“The poor thing wants to be something out of the common and can’t quite manage it,” she mentally decided, while she viewed with extreme disfavour the feline elegance affected by Mr. Marius Longford, and the sleek smile, practised by him ‘for women only,’ with which he blandly admitted her existence. To Miss Tabitha Pippit she offered a chair of capacious dimensions, amply provided with large down cushons, inviting her to sit down in it with a gentleness which implied kindly consideration for her years and for the fatigue she might possibly experience as a result of the drive over from Badsworth Hall,—whereat the severe spinster’s chronically red nose reddened more visibly, and between her thin lips she sharply enunciated her preference for ’a higher seat,—no cushions, thank you!’ Thereupon she selected the ‘higher seat’ for herself, in the shape of an old-fashioned music-stool, without back or arm-rest, and sat stiffly upon it like a draper’s clothed dummy put up in a window for public inspection. Maryllia smiled,—she knew that kind of woman well;—and paying only the most casual attention to her for the rest of the time, returned to her own place by the open windows and began to dispense the tea, while Sir Morton Pippitt opened conversation by feigning to recall having met her some two or three years back. He was not altogether in the best of humours, the sight of his recently dismissed butler, Primmins, having upset his nerves. He knew how servants ‘talked.’ Who could tell what Primmins might not say in his new situation at Abbot’s Manor, of his former experiences at Badsworth Hall? And so it was with a somewhat heated countenance that Sir Morton endeavoured to allude to a former acquaintance with his hostess at a Foreign Office function.
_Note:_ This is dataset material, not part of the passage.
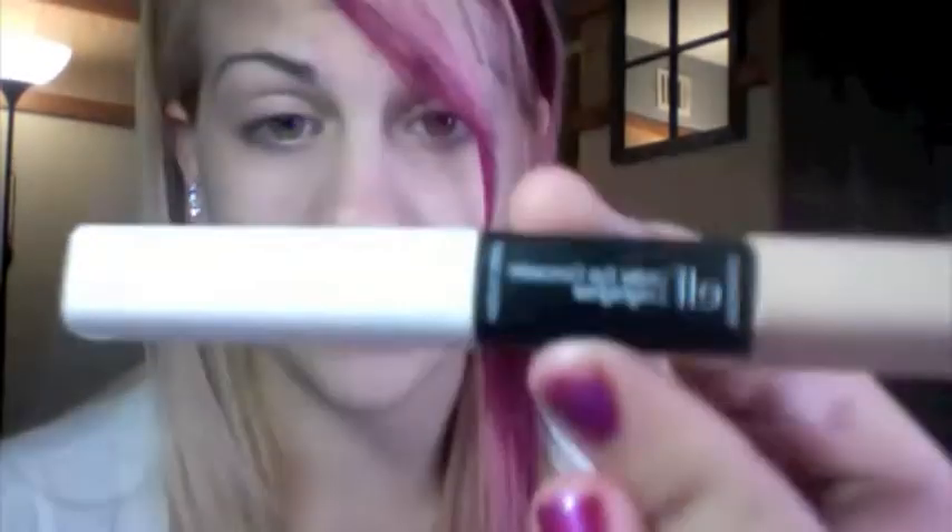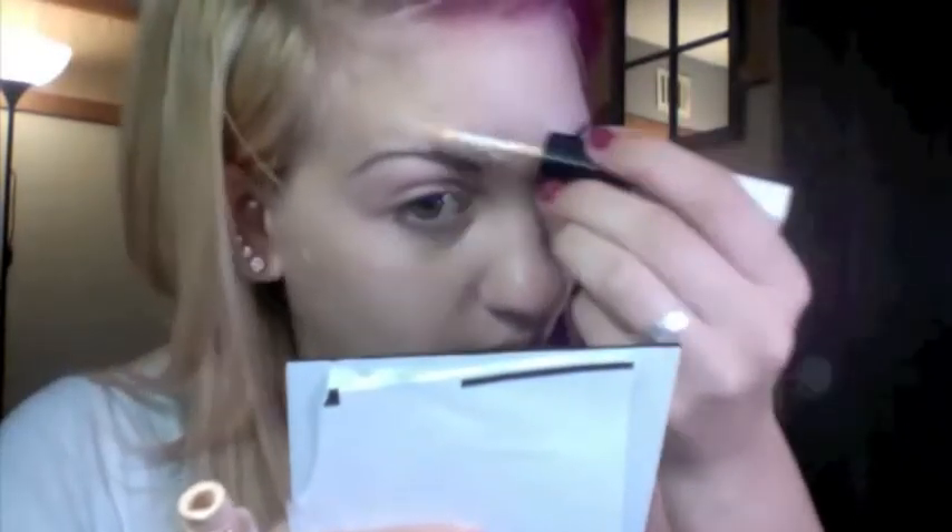To begin, I use a concealer to cover my blemishes, and it is ELF Highlight and Eye Concealer. It's a dollar. I get the lighter shade — I pin my hair back, take the skin-colored side, which is like a little dabber, and I just dab it where my problem areas are, mostly my forehead. It looks silly now but you blend it in.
“Oh no, I don’t think so,” said Maryllia, lazily dropping lumps of sugar into the tea-cups—“Do you take sugar? I ought to ask, I know,—such a number of men have the gout nowadays, and they take saccharine. I haven’t any saccharine,—so sorry! You do like sugar, Mr. Adderley? How nice of you!” And she smiled. “None for you, Mr. Longford? I thought not. You, Miss Pippitt? No! Everybody else, yes? That’s all right! The Foreign Office? I think not, Sir Morton,—I gave up going there long ago when I was quite young. My aunt, Mrs. Fred Vancourt, always went—you must have met her and taken her for me, I always hated a Foreign Office ‘crush.’ Such big receptions bore one terribly—you never see anybody you really want to know, and the Prime Minister always looks tired to death. His face is a study in several agonies. Two or three years ago? Oh no,—I don’t think I was in London at that time. And you were there, were you? Really!”
She handed a cup of tea with a bewitching smile and a ’Will you kindly pass it?’ to Julian Adderley, who so impetuously accepted the task she imposed upon him of acting as general waiter to the company, that in hastening towards her he caught his foot in the trailing laces of her gown and nearly fell over the tea-tray.